Latest update March 26th, 2026 7:55 AM
Sep 29, 2025 Features / Columnists, Peeping Tom
Kaieteur News – The People’s Progressive Party Civic has won the 2025 elections. But it did so in the manner of a gambler who spends a fortune on the roulette wheel to walk away with a few chips clinking in his pocket.
Technically, it was a landslide. A victory margin of ten percent or more is the definition of a landslide. But to look at the results without the varnish of official pronouncements is to recognise something far less flattering. What the PPP achieved was not a landslide but a mudslide, the kind that buries a village under the weight of its own excess, leaving behind wreckage instead of renewal.
Despite holding the high ground of incumbency, despite the parade of ribbon cuttings and photo opportunities at freshly built schools, hospitals, and water treatment plants, despite a cash grant giveaway, the PPPC emerged with fewer than 10,000 more votes than in 2020. And considering there was 37,000 plus new voters to only win by 10,000 more votes than in 2020 shows that the PPPC underperformed. You cannot blame the low voter turnout because in terms of numbers it was only 22,000 persons less that voted in 2025 than in 2020.
Five years of unprecedented oil-fueled growth, five years of unrelenting spending, and the reward: a marginal improvement that reeks of political stagnation.

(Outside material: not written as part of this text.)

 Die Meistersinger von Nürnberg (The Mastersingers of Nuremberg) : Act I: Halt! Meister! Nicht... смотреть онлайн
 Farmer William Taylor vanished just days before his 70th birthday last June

Five years of handouts; five years of building roads and other infrastructure; five years and yet the growth of PPPC votes over that of 2020 was just more than 9,000. The leadership will, of course, declare victory in booming tones. The surrogates will remind us that the nation has never seen such economic expansion, never witnessed such infrastructural development. But the returns speak louder than the campaign boasts. After building an empire of concrete and asphalt, after dangling cash and campaign promises, the party managed only a trickle of additional support.

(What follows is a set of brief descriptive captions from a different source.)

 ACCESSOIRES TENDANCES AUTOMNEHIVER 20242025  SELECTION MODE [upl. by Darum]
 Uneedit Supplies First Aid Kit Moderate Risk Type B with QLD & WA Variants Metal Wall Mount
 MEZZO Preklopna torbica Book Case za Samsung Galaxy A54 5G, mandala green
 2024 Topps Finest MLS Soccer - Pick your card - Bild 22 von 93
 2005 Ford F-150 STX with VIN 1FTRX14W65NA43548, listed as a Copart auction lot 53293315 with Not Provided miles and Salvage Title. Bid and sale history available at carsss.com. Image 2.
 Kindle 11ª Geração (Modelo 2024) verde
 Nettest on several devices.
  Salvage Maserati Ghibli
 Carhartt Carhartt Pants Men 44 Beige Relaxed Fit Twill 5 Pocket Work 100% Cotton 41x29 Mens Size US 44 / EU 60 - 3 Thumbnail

The much-vaunted party machinery including the newly formed party clusters, the operatives and the tents outside of the polling stations, all proved incompetent. In East Berbice, the party lost votes compared to 2020. Voters in strongholds stayed home, indifferent, unconvinced, or simply weary of promises that trickle upwards to the oligarchs and foreign contractors but never seep down to the small man in the market, the clerk in the offices, the cane-cutter whose sweat once oiled the party’s engine.

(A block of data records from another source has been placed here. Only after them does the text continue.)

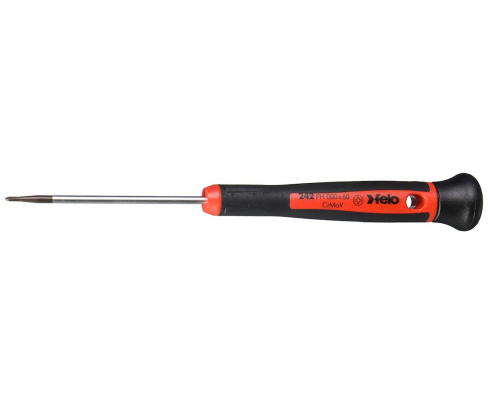 Отвертка прецизионная крестовая Phillips Felo PH0 x 60 24200150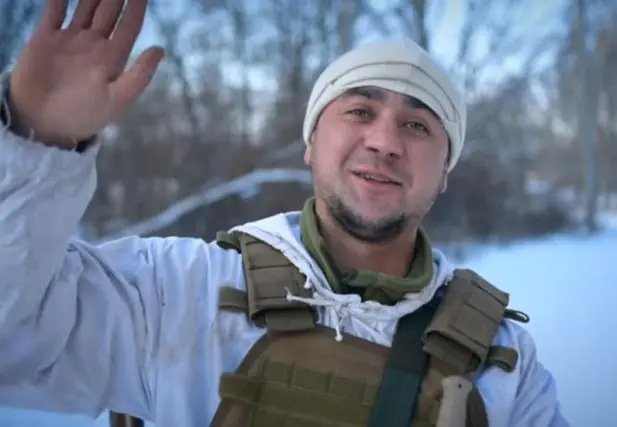 «Привіт колезі зі Львова»: бійці з передової привітали українців з Новим роком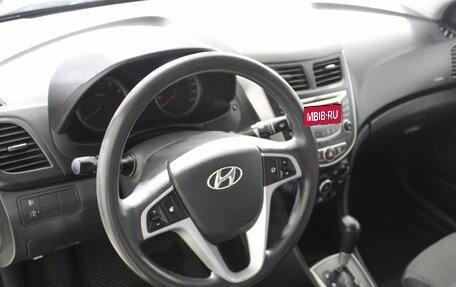 Hyundai Solaris II рестайлинг, 2013 год, 780 000 рублей, 12 фотография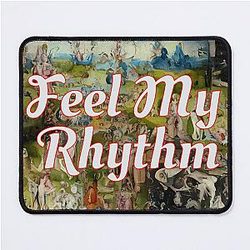 Red Velvet Feel My Rhythm Garden Earthly Delights Mouse Pad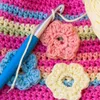 Set de crochet, fil, XXL, crochets, accessoires, 113 Voir les images du produit 7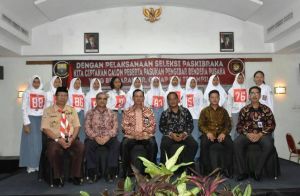 Seleksi Calon Paskibra Tingkat Provinsi dan Nasional Resmi Dibuka, Ini Pinta Sekda Dianto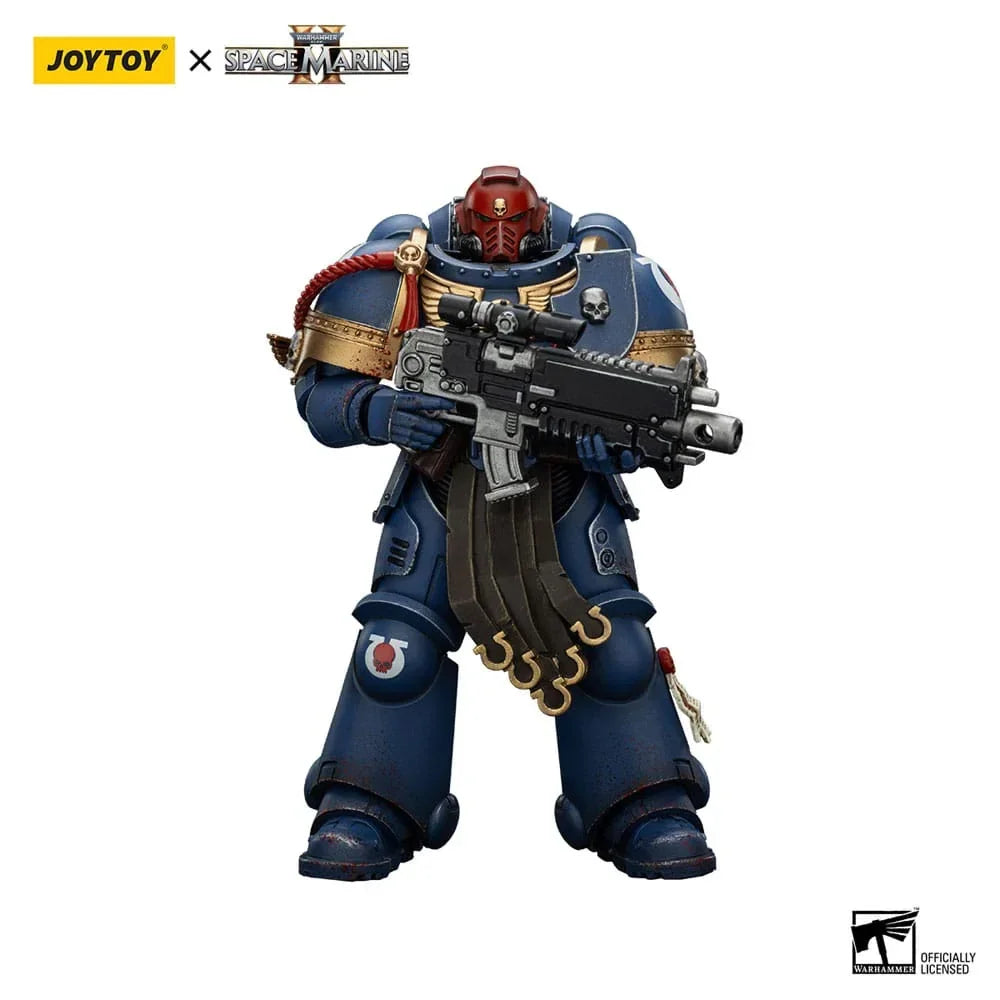 Warhammer 40,000: Space Marine 2 Action Figur Ultramarines Sergeant Gadriel Collector's Edition 13 cm Joy Toy (CN)
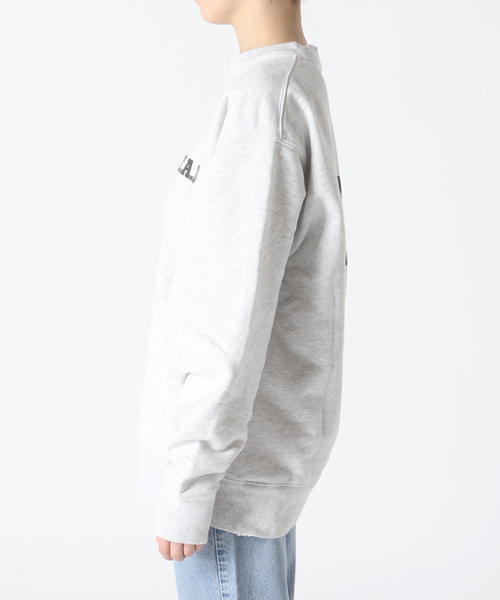 Spick & Span（スピックアンドスパン）の「≪追加≫ロゴスウェット（スウェット・レディース・ネイビー/グレー・FREE）」の14枚目の写真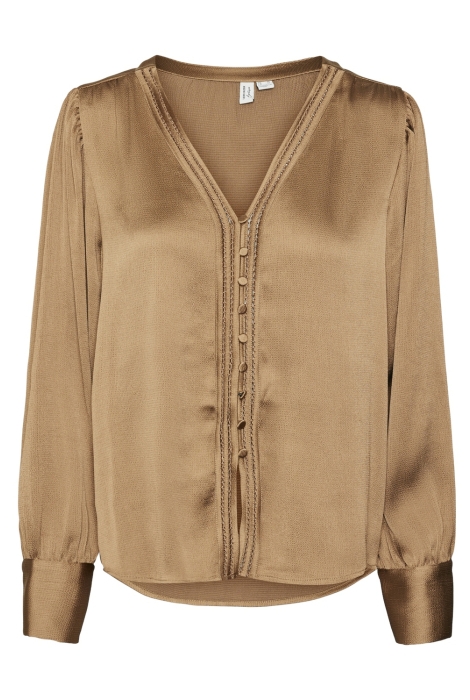 Vero Moda vmomana l/s shirt wvn btq ga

What explains this failure? The answer lies in the concentration of power at the top, a leadership that brooks no dissent and tolerates no debate. One man is assumed to dictate policy with the air of divine right. The clusters were never vibrant because the spirit of collective action has been smothered by political opportunism and personal ambition. Clusters cannot replace the traditional grassroots activism of the party. It cannot erase the mistrust by the supporters of its leadership who roll up to see the faithful in the Prados, and who speak to them from a head table and lectern.
And here lies the real danger. The electorate, even when cowed by tribal loyalty, is not blind. They can see the widening gulf between the promises of inclusivity and the practice of exclusion. They can measure the distance between the grand speeches about prosperity and the barren reality of rising costs of living. They can feel, in their empty pockets, the betrayal of a government that courts billion-dollar investors but ignores the indigence of the very people who voted it into power. They see also political grasshoppers being rewarded at the expense of the loyal faithful.
For the PPPC, the message of this election is clear. The strategy of governing for the few while pretending to govern for the many has reached its limit. The benefits of growth have not filtered down; they have been siphoned off, concentrated in the hands of contractors, cronies, and the nouveaux riches while the poor still remain with bowl in hand waiting for the infrequent cash grants.
The PPP’s poor showing, masked as a landslide, is not a reflection of its strength. Rather, it is a warning of its fragility. A government that treats the small man as an afterthought risks not only political erosion but eventual political collapse. A party that forgets its roots in the struggles of sugar workers and farmers will find, soon enough, that those roots have withered.
If the leadership does not reverse course—if it continues to conflate economic growth with social justice, to confuse infrastructure with equity, to mistake handouts for empowerment—then the mudslide of this election may well become the landslide of the next, sweeping the party from power.
The PPP is standing on shifting ground, but instead of shoring up its foundations among the people, it is building towers for the elite. It is an old story, and it always ends the same: with defeat and humiliation. The party has its victory, but it is a hollow victory. The election results do not celebrate the PPP’s dominance; they expose its decline. And unless the party listens to the whispers of discontent buried in the numbers, the mudslide it now dismisses will become the avalanche it cannot stop.
(The views expressed in this article are those of the author and do not necessarily reflect the opinions of this newspaper.)